A fortified United Nations base dominates the town, sandbags and razor wire round the perimeter, humming generators keeping the floodlights burning through the night. Here the United Nations is not popular. The Misseriya resent them, block their patrols and order them back to town. The Ngok Dinka think they are cowards for fleeing in helicopters as the northern army razed Abyei in 2008.
The dispute over Abyei is about the land and the oil that lies beneath it, and other parts of the border region.
Sitting beneath the late afternoon shade of a straw-roofed shelter, dozens of Ngok Dinka, elders discussed their situation. “All of us speak Dinka, we are marked with Dinka scars,” said Kuol Deng Maluak, pointing to the parallel lines that marked their foreheads. “The North does not want us, they want our land.”
“We as citizens were about to unilaterally declare our allegiance to the south on Jan. 9,” said the chief, Kuol. Entreaties from the Sudan People’s Liberation Movement persuaded the Ngok Dinka to wait, but for how long? “Together, we will do the right thing at the right time,” said Kuol.
Manyiel was more precise. “We cannot wait for the result of southern Sudan … so certainly it will be before July 9,” he said referring to the date scheduled for independence.
“This might take the country back to war because we are Dinka, many of them [in the south] are also Dinka, we fought with them and they have a moral debt to pay to us,” said Manyiel.
Both North and South are accused of massing troops on the fringes of Abyei, preparing for a fight. But it need not come to that, some say.
“Politics have messed up our relations with the Ngok Dinka,” said Mogadum Hamid, a Misseriya tribal leader. “Historically we came here as neighbors, peacefully, but those who are political took our issues and use them to benefit themselves. The problem is at the political level, not between the people."
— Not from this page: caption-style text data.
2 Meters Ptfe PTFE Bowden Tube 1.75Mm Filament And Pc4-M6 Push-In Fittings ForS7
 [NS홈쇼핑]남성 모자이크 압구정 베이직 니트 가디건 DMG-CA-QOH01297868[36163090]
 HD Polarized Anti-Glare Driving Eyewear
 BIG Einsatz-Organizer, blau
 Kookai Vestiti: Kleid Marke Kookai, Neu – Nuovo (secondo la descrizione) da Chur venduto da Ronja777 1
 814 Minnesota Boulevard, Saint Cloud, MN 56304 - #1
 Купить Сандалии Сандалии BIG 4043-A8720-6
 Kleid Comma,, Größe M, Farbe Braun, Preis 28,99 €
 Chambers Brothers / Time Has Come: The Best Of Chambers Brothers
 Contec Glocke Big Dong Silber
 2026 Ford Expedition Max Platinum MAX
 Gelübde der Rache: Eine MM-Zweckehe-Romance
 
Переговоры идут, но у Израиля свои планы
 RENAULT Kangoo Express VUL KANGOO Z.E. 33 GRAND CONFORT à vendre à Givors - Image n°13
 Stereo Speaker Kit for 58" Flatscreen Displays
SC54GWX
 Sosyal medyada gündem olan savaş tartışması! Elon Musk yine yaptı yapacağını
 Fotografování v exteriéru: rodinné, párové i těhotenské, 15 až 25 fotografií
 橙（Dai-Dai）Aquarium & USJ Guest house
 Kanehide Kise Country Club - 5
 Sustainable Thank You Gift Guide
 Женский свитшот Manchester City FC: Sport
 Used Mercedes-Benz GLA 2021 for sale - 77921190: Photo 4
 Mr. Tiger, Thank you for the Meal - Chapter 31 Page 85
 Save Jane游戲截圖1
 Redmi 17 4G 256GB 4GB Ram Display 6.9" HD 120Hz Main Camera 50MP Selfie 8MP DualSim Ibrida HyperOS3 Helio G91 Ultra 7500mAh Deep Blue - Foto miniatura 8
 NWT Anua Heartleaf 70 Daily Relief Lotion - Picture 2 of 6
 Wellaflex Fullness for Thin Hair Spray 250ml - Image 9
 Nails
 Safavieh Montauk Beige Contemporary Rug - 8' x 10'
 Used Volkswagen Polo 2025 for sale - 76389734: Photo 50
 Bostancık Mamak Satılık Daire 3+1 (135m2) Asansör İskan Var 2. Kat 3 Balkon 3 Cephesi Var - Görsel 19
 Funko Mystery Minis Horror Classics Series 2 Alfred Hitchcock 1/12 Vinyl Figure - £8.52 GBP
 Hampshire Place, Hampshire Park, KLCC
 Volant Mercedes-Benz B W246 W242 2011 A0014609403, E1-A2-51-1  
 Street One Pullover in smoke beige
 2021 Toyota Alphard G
Kuol, the Ngok Dinka chief, said the trouble was because of meddling from Khartoum, which used the Misseriya as a janjaweed-style proxy force during the civil war.
“War is not inevitable, if people are reasonable, the solution is there,” he added.
Outside his scarred church, Suleiman shook his head sadly and echoed that hope. “I have experienced war,” he said. “If there is any way to stop war we should accept.”